With a barre chord it is even more important, not only will pressing down right next to the fret make the note sound better, it makes the chord easier to play and it will increase the chances you won’t have random dead strings and the note will be clear.

4.Double Up on Your Index Finger

Barre chords for the ukulele and guitar are normally played with your index finger acting as the barre. If the chord shape allows you can lay your middle finger over the index, adding a little extra pressure.

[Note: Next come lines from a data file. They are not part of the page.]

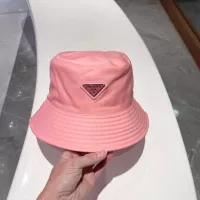 Cheap Prada Caps #1346020 Replica Wholesale [$29.00 USD] [ITEM#1346020] on Replica Prada Caps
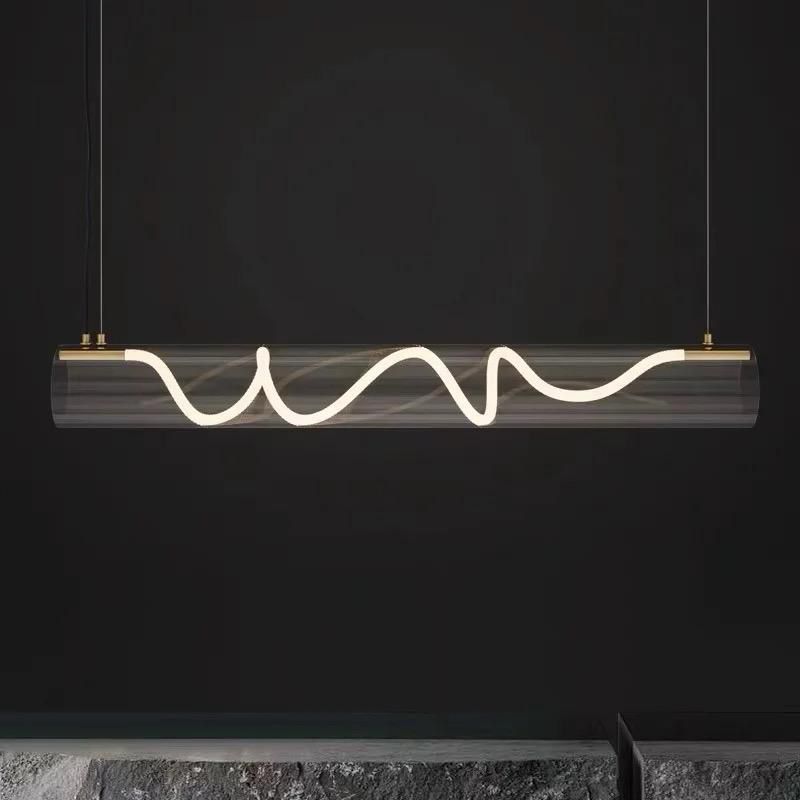 Lámpara Lumière Wave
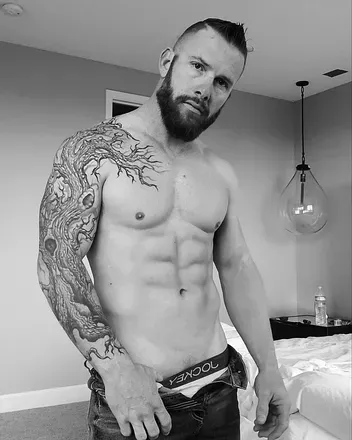 OnlyFans account  therealphd avatar 1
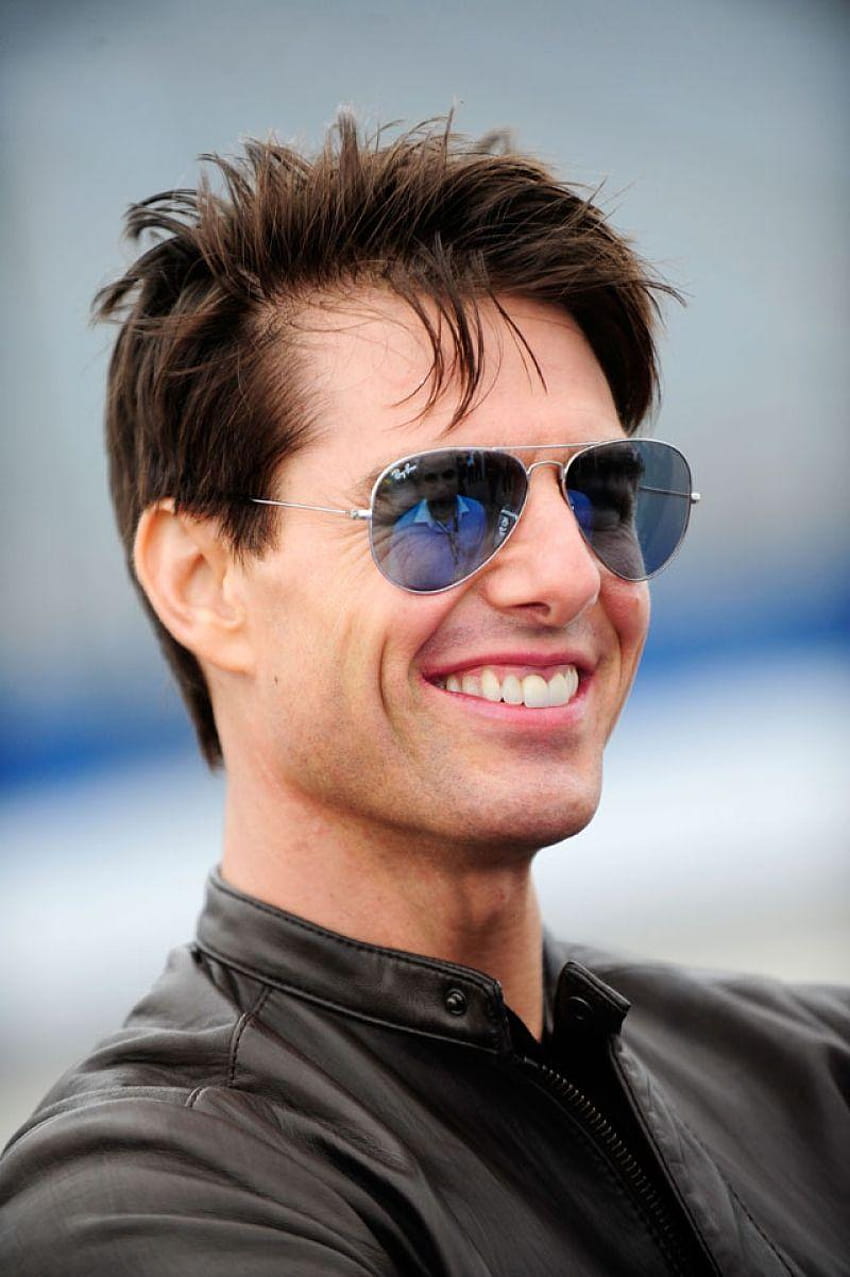 K Ultra Tom Cruise, Tom Cruise-Mobil HD-Handy-Hintergrundbild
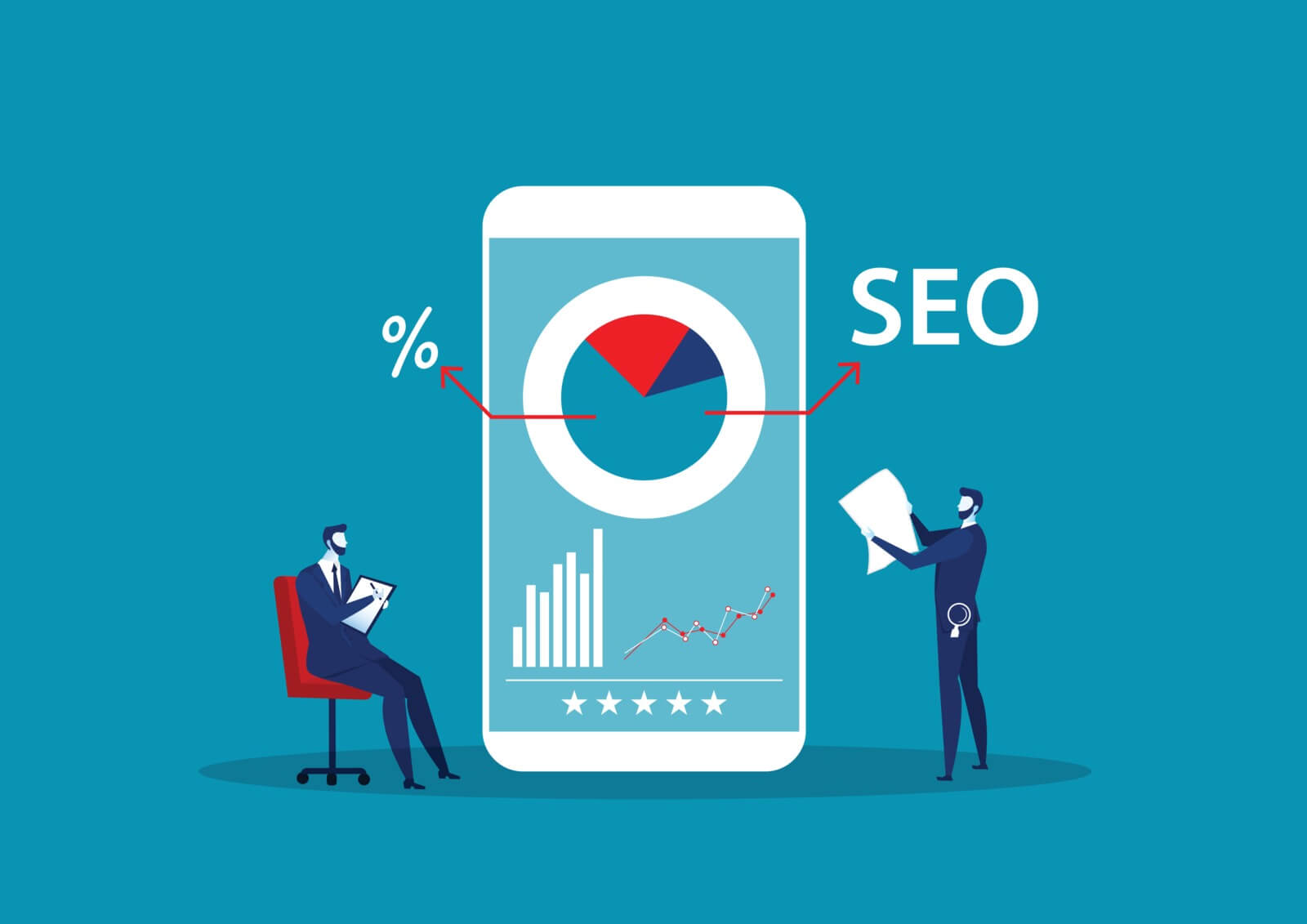 8 Reasons Why SEO is Important On Your Business Website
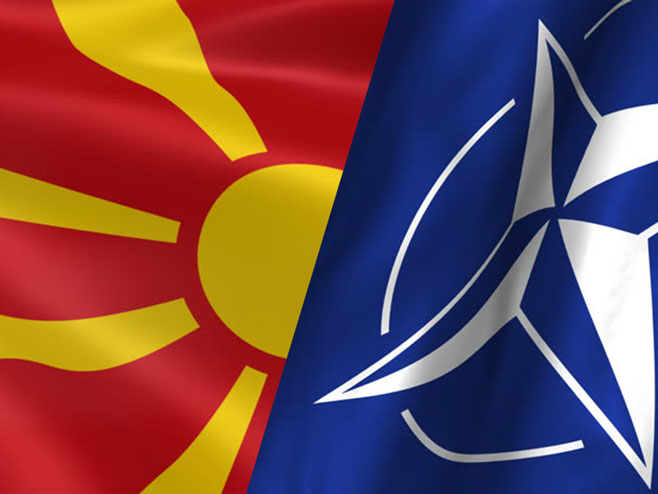 Сјеверна Македонија и НАТО (фото: илустрација) - Фото: РТРС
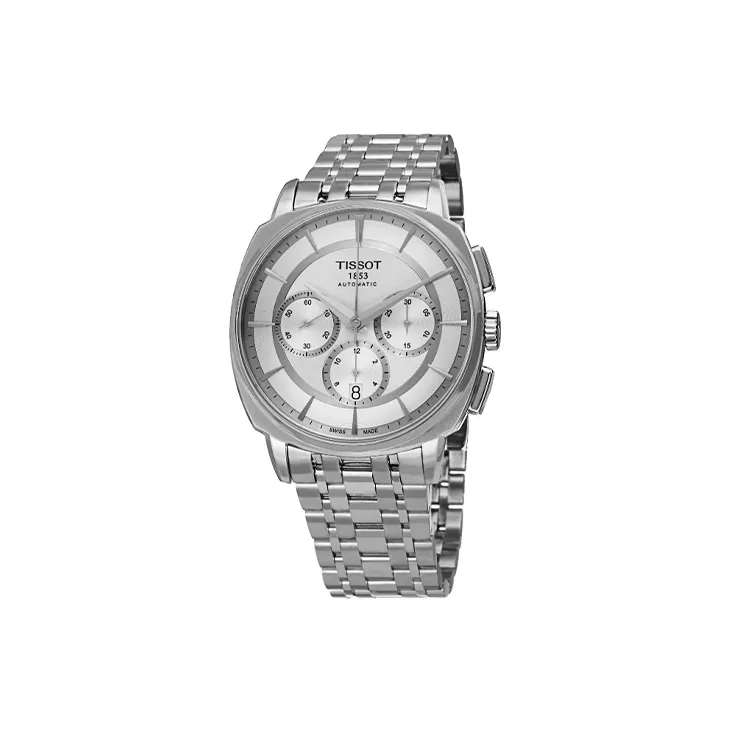 TISSOT Men Watch-3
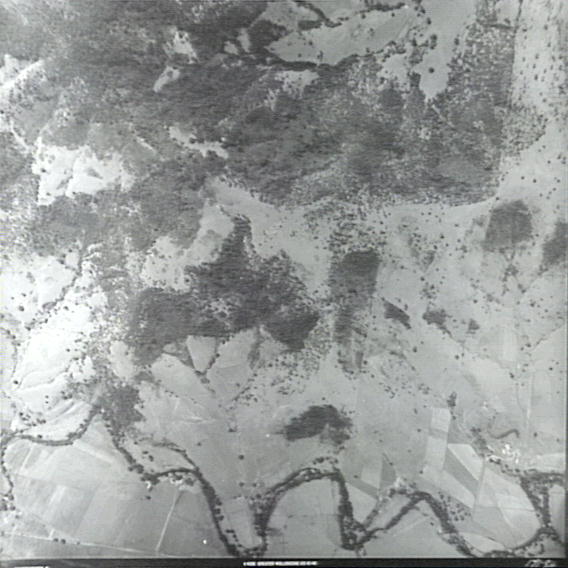 Tongarra to Calderwood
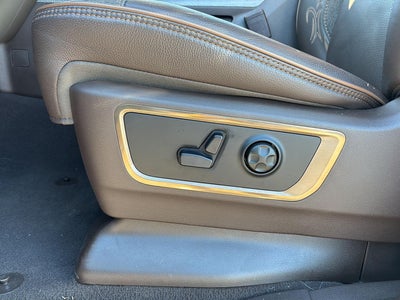 2025 RAM 1500 Longhorn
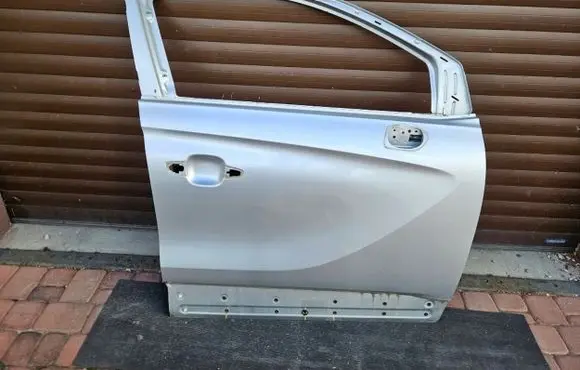 Opel Crossland X Front door 87853980000035285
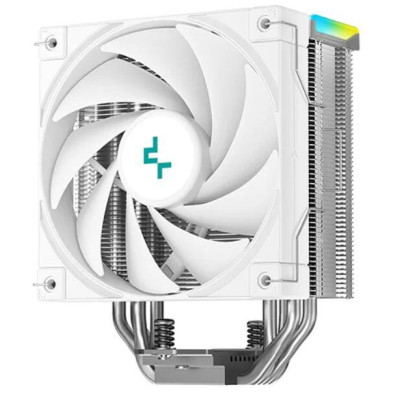 Deepcool AK400 Digital SE White (R-AK400-WHADMN-GJD)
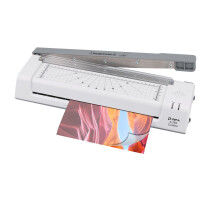 Olympia 3130 - 33 cm - Kalt-/Warmlaminator - 5 min - 250...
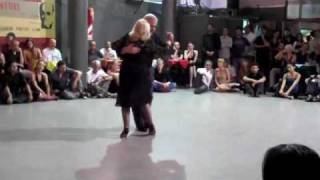 Carlos y Rosa Pérez en El Motivo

You can only do this with chords that only require 2 additional frets to be held down though, and some notes are hard to reach in this shape, so you’ll have to experiment to find what is best for you!

5.Use Your Middle Finger

We just got done saying the index finger is normally the finger used for barres, so now we are going to tell you to break that rule!

Some chords are just easier to play if you use your middle finger as the bar. Many of the chords that require the highest note held down in the fret after the bar are easier to play if you use the combination of middle and pointer, rather than index and middle finger.

6.Isolate Dead Notes

Pick out individual notes as you are warming up or learning to play. This will help you identify which, if any, notes are not ringing out. Once you know which string isn’t being held down all the way you can adjust your hand.

It’s common that you’ll have to make multiple adjustments to get the right shape, and this may happen every time you try to play the chord for a while. Each time you get to the correct position and play the note a few times you’re teaching your hand where it needs to be though, be patient!

7.Build Strength in Fretting Hand

Not only does your fretting hand need to be nimble (see our first tip), but playing ukulele for long periods of time, or holding barre chords, can require a very specific type of strength.

There are ton of books on this sort of thing, but our Justin over at YouTube has a great program designed for guitar players that works great for uke strummers too!


The Final Note

Just like many things with the ukulele, barre chords will take some time and practice to master. Keep practicing and working on the tips we’ve provided here and you’ll get it!